━━ Material for the task
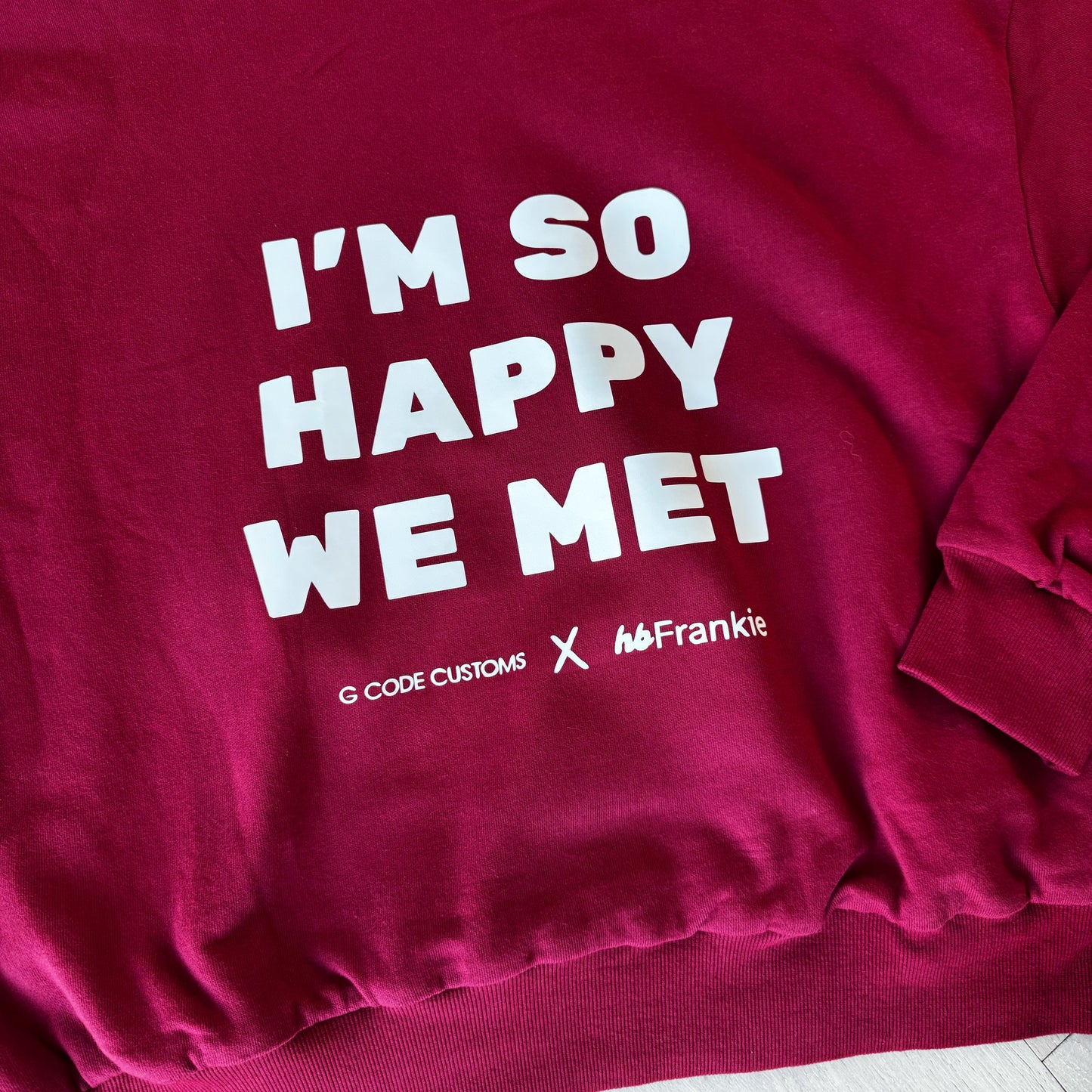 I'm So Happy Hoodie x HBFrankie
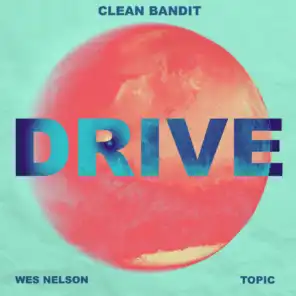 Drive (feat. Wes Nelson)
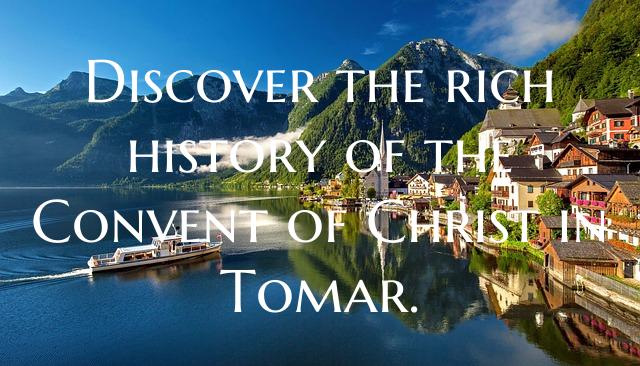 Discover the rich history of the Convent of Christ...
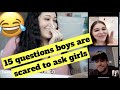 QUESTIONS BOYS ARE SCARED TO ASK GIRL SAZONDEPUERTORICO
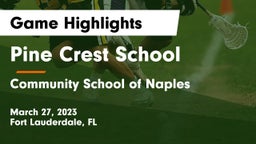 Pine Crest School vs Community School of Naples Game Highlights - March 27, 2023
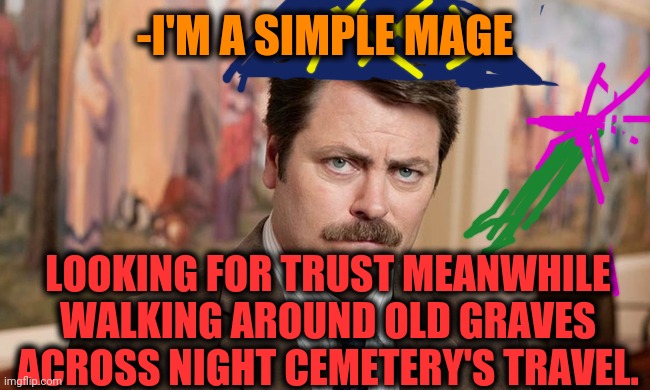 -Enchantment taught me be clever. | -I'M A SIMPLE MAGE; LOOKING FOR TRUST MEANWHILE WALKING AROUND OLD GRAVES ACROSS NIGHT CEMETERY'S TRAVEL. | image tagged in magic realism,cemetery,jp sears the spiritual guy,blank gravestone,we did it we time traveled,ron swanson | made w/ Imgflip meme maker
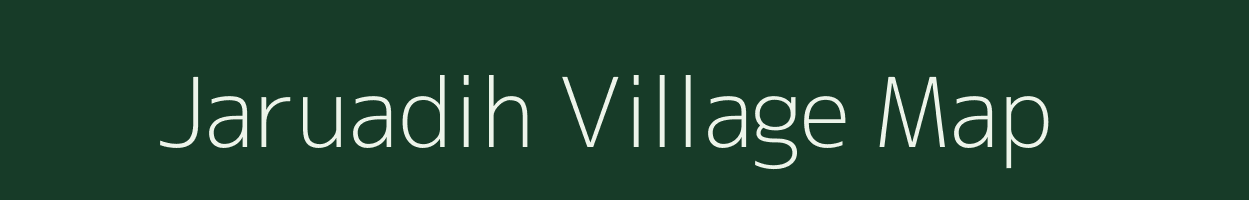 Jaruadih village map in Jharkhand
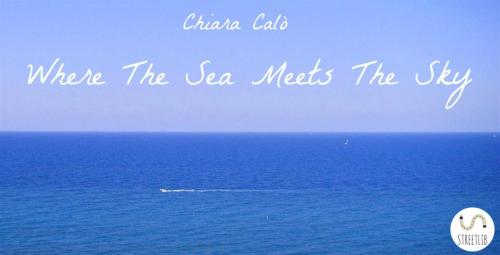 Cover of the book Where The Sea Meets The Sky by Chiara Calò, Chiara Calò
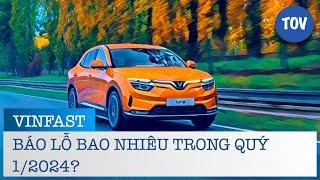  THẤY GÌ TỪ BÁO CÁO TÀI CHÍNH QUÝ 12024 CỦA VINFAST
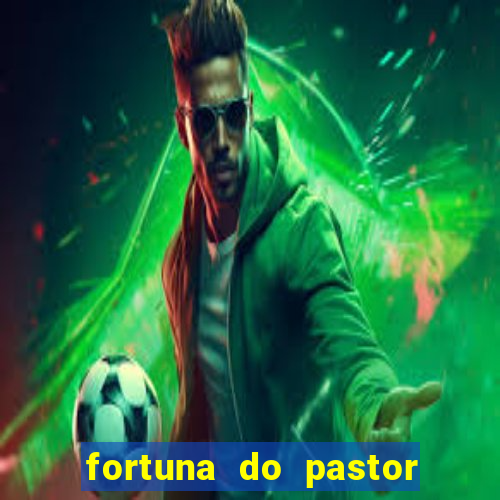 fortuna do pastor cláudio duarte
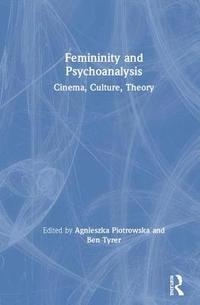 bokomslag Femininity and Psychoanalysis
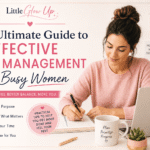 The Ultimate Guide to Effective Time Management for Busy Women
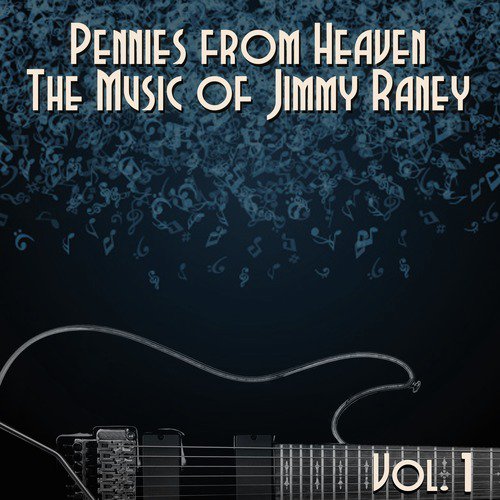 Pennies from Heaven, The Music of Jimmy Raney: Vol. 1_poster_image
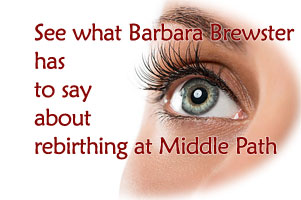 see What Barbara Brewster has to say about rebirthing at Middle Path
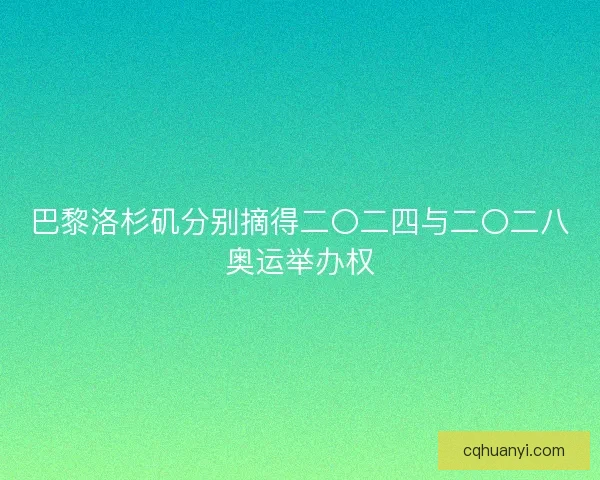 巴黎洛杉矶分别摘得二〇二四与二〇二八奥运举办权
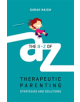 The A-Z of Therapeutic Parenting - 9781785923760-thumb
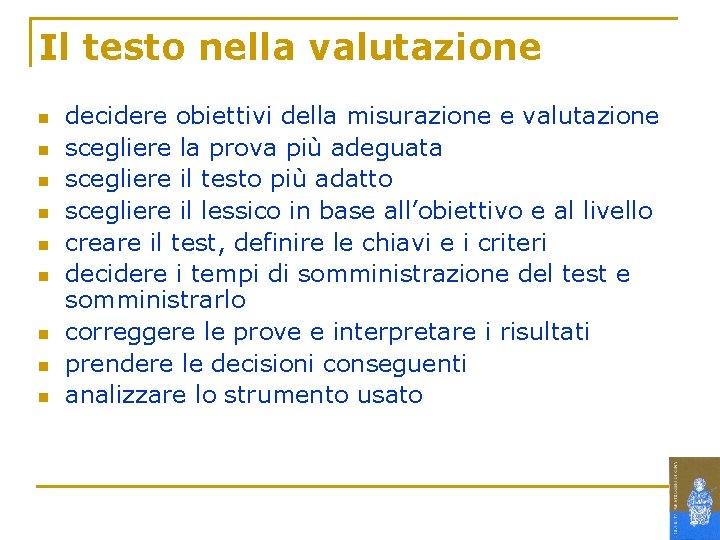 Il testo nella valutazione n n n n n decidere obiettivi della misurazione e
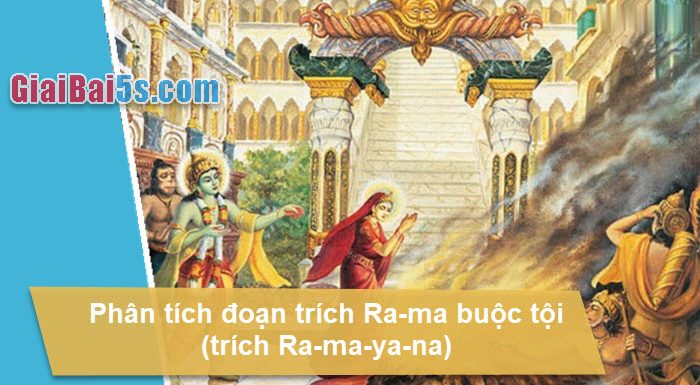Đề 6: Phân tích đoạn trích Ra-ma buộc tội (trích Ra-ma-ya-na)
━━━━
- Aim of the task:
Here the records must be restated exactly, minus any images.

- Your response:
 I'm So Happy Hoodie x HBFrankie
 Drive (feat. Wes Nelson)
 Discover the rich history of the Convent of Christ...
 QUESTIONS BOYS ARE SCARED TO ASK GIRL SAZONDEPUERTORICO
 Pine Crest School vs Community School of Naples Game Highlights - March 27, 2023
 -Enchantment taught me be clever. | -I'M A SIMPLE MAGE; LOOKING FOR TRUST MEANWHILE WALKING AROUND OLD GRAVES ACROSS NIGHT CEMETERY'S TRAVEL. | image tagged in magic realism,cemetery,jp sears the spiritual guy,blank gravestone,we did it we time traveled,ron swanson | made w/ Imgflip meme maker
 Jaruadih village map in Jharkhand
 Cover of the book Where The Sea Meets The Sky by Chiara Calò, Chiara Calò
  THẤY GÌ TỪ BÁO CÁO TÀI CHÍNH QUÝ 12024 CỦA VINFAST
 fortuna do pastor cláudio duarte
 bokomslag Femininity and Psychoanalysis
 The Ultimate Guide to Effective Time Management for Busy Women
 Pennies from Heaven, The Music of Jimmy Raney: Vol. 1_poster_image
 see What Barbara Brewster has to say about rebirthing at Middle Path
 巴黎洛杉矶分别摘得二〇二四与二〇二八奥运举办权
 The A-Z of Therapeutic Parenting - 9781785923760-thumb
 Il testo nella valutazione n n n n n decidere obiettivi della misurazione e
Đề 6: Phân tích đoạn trích Ra-ma buộc tội (trích Ra-ma-ya-na)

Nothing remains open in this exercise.